The AH Heisey company was formed in 1895. It offered tableware and figurines in blown and pressed glass. It closed in 1957. Heisey glassware is identified by an H diamond. Its high clarity and finish generated a large following. It is now popular with collectors and is bought and sold on places like eBay or antique glass groups.

Heisey Collectors of America enthusiasts formed a group in 1971. Three years later, the Heisey National Museum of Glass was created in downtown Newark, Ohio. On display are hundreds of patterns and colors that show the evolution of the plant business.

Dozens of animals, candlesticks, and desk pieces graced many homes in the early 20th century. Heisey glass was produced in colors throughout the life of the factory, but the most prolific period of color manufacturing was from 1925 to 1938.

The company went to great lengths to produce distinct colors, and Heisey glass can often be identified by the specific colors alone. In 1925, Flamingo (a pastel pink) and Moonleam (a vivid green) were introduced and produced in large numbers.

Marigold is a coppery golden yellow color. Sahara, which replaced Marigold, is a satisfying soft lemon yellow. Hawthorne is a lavender color. Tangerine, a bright orange-red produced around 1933, was part of a trend toward darker, more vivid colors. The Tangerine Ivy Vase is quite a rare and collectible piece today.

A cobalt color called Stiegel Blue was also produced. Alexandrite is the rarest of the Heisey colors; it can be a pale greenish-blue under normal light, but in sunlight or ultraviolet light, it glows a lavender-pink hue. Zircon is a very modern blue-gray and was the last new color introduced.

Heisey is believed to have made some pieces in milky glass in its early years of production and probably also produced Vaseline glass in the early 1920s, though not in large quantities.
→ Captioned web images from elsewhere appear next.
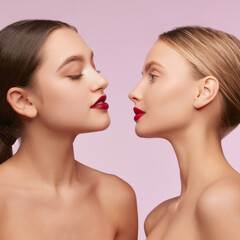 Red lips. Portrait of two young, beautiful girls with well-kept skin isolated over pink studio background. Concept of skincare, cosmetology, natural beauty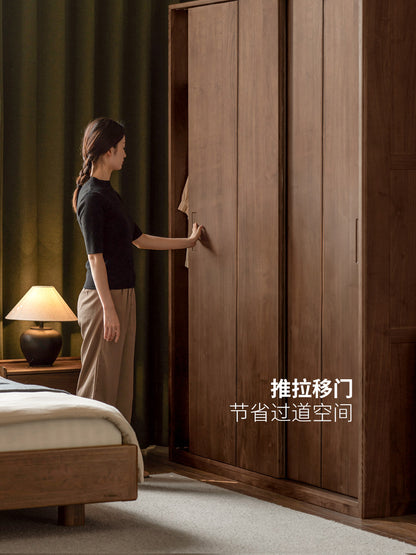 全实木移门衣柜卧室黑胡桃木推拉门储物柜小户型衣橱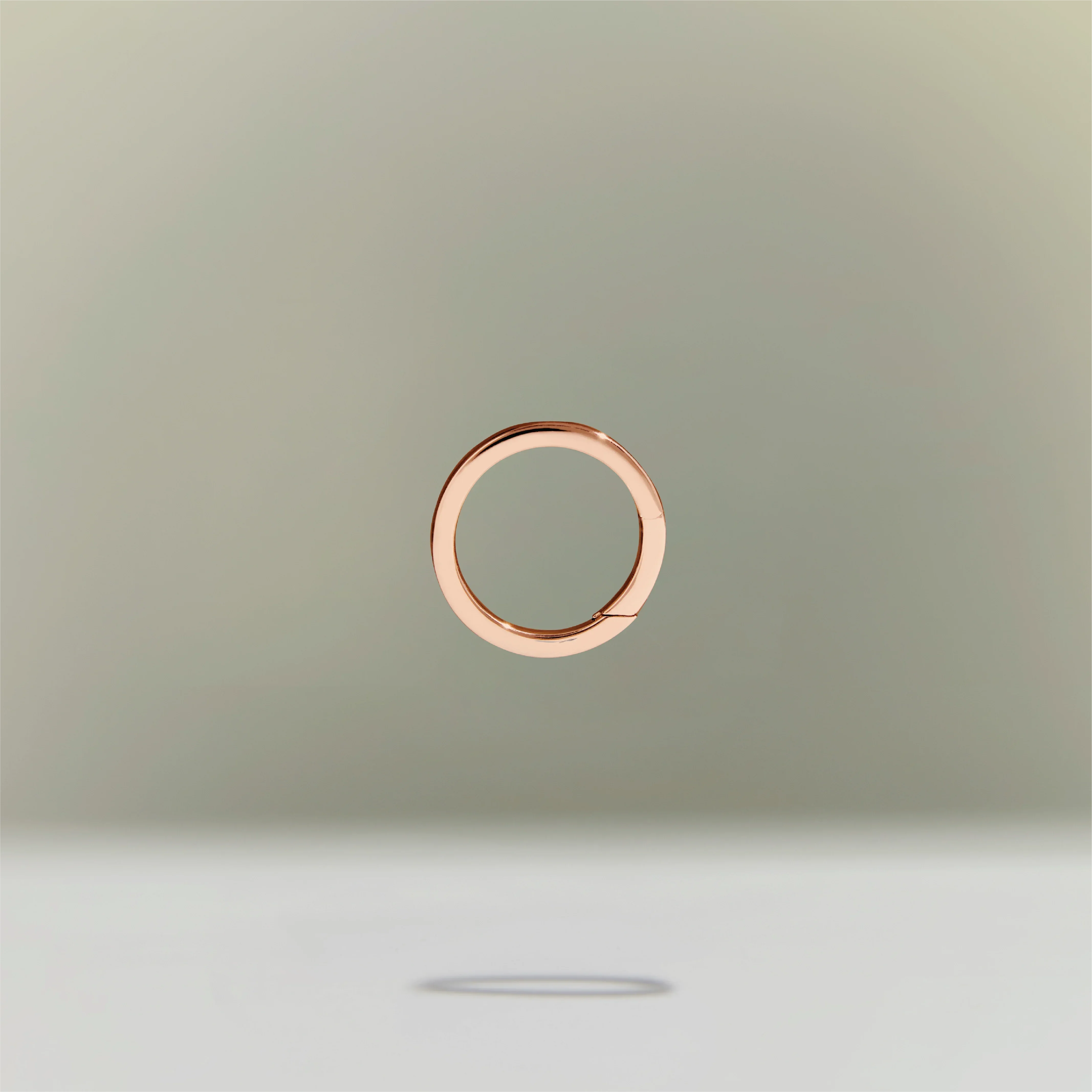 Minimalist rose gold circular ring floating above a neutral background.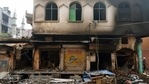 A view of shops that were burnt outside the Maula Baksh Masjid in Ashok Nagar, New Delhi, India, on Wednesday, February 26, 2020.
When the factory closed, the Imperial Glass Company purchased the molds for the production of Heisey glass and continued to produce some pieces under the Imperial Glass brand until they closed in 1984. Many of these pieces were animal figurines, mostly in new or original colors. using the old molds.

As the economy strengthens, more collectors will emerge and start driving prices back up. They peaked in the early 2000s and slowed down in recent years. Sometimes great collections appear when a former Heisey admirer passes away. That’s the time to get hold of some of the rarer colors or patterns.

Artifacts from early American history are becoming scarcer as the years go by. Heisey’s individual ashtrays and elaborate dinner arrangements hint at a time when the home was a center of gathering and celebration. Bridge games, molasses dispensers, and fancy candy dishes are now joyful throwbacks to yesteryear.